» Task directions: Copying rule for the data below: pictures stay out, and only the lines from the one with "Cozy country farm style studio cabin" down to the one with "Renault - Trafic - Radio CD player", inclusive, are repeated exactly.

» Exercise input:

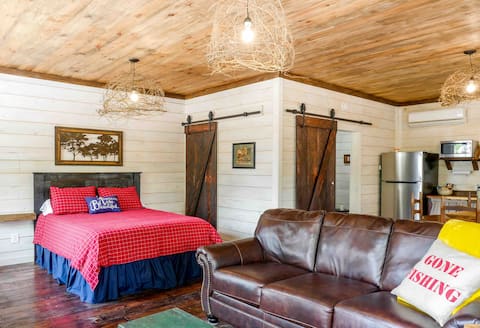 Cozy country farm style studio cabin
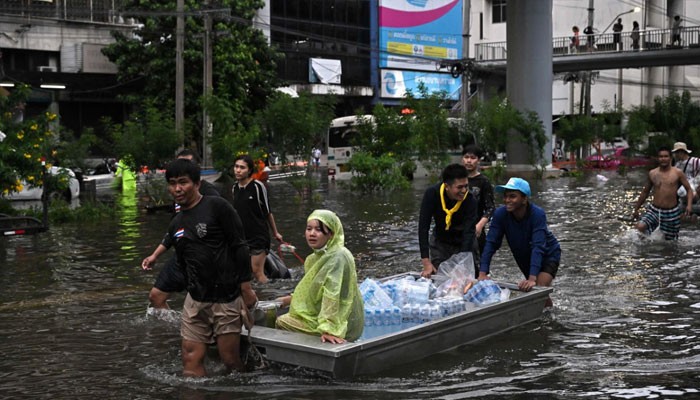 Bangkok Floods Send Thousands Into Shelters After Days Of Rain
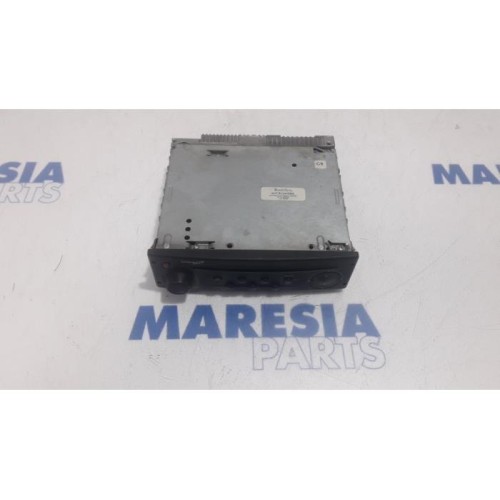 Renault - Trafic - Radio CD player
...
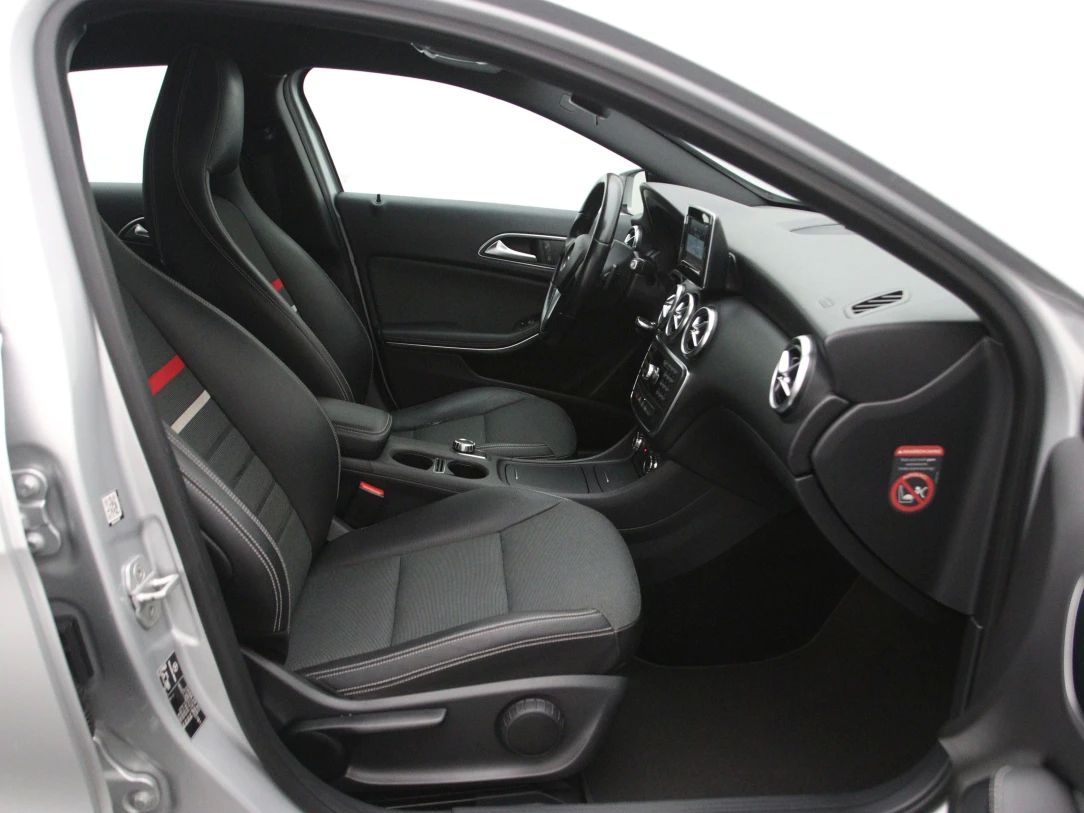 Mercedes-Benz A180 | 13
...
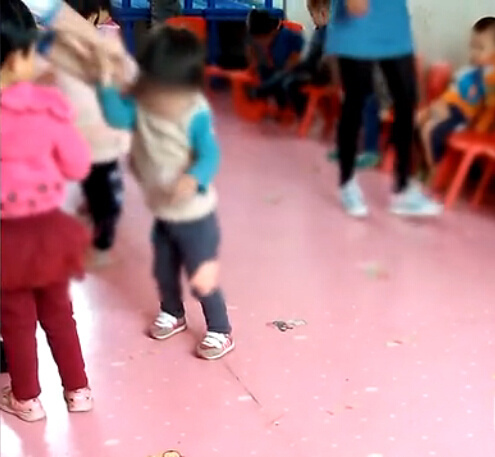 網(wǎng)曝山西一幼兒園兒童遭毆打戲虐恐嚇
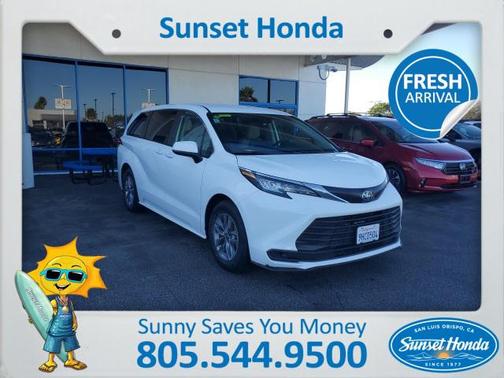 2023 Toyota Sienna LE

» Result below:
 Cozy country farm style studio cabin
 Bangkok Floods Send Thousands Into Shelters After Days Of Rain
 Renault - Trafic - Radio CD player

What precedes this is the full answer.